Filoni is a self-confessed Tolkien fanboy, who has talked often of the professor’s influence on his work. He even gave Ahsoka some of Gandalf’s lines in Rebels season two (“I have questions – questions that need answering”), as Ahsoka dropped in and out of the story as the old wizard does in The Hobbit. In a recent interview with Fangirls Going Rogue, Filoni revealed that his main influence when creating the character of Bendu for season three was in fact the notorious Tom Bombadil from The Fellowship of the Ring.

Bendu is generating a great deal of interest as the internet struggles to decipher Luke Skywalker’s cryptic words in the trailer for The Last Jedi. Bendu does, after all, claim to be “the one in the middle,” a new perspective on the Force. Attempts to argue that the character is a sign that Lucasfilm are laying the groundwork for a more “grey” approach, however, risk clouding the true meaning of the character, and overlooking some unsettling truths about him. For a fuller understanding, it helps to look at the character of Bombadil, and work towards Bendu from there.
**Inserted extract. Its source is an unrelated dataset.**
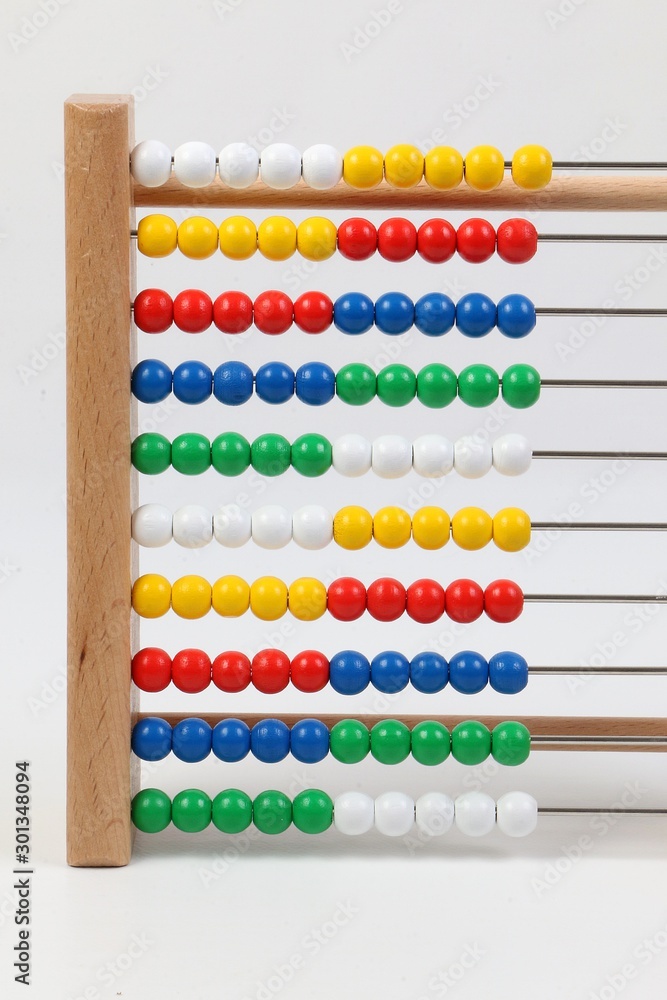 small ruler with colorful wooden balls in a white studio small ruler with colorful wooden balls in a white studio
In the House of Tom Bombadil

Tom Bombadil has become a bit of a running joke in popular culture. It is a passage of LotR that many readers struggle with due to his incessant singing and apparent irrelevance to the story. In this section of the book, the four hobbits are attacked by a tree called Old Man Willow. They are saved by Bombadil, a jolly old man who takes them home to meet his wife Goldberry, gives them a bed for the night, sings a bit, and then sends them on their way. None of this made it into the Peter Jackson film adaptations (though some of Bombadil’s lines were later given to Treebeard).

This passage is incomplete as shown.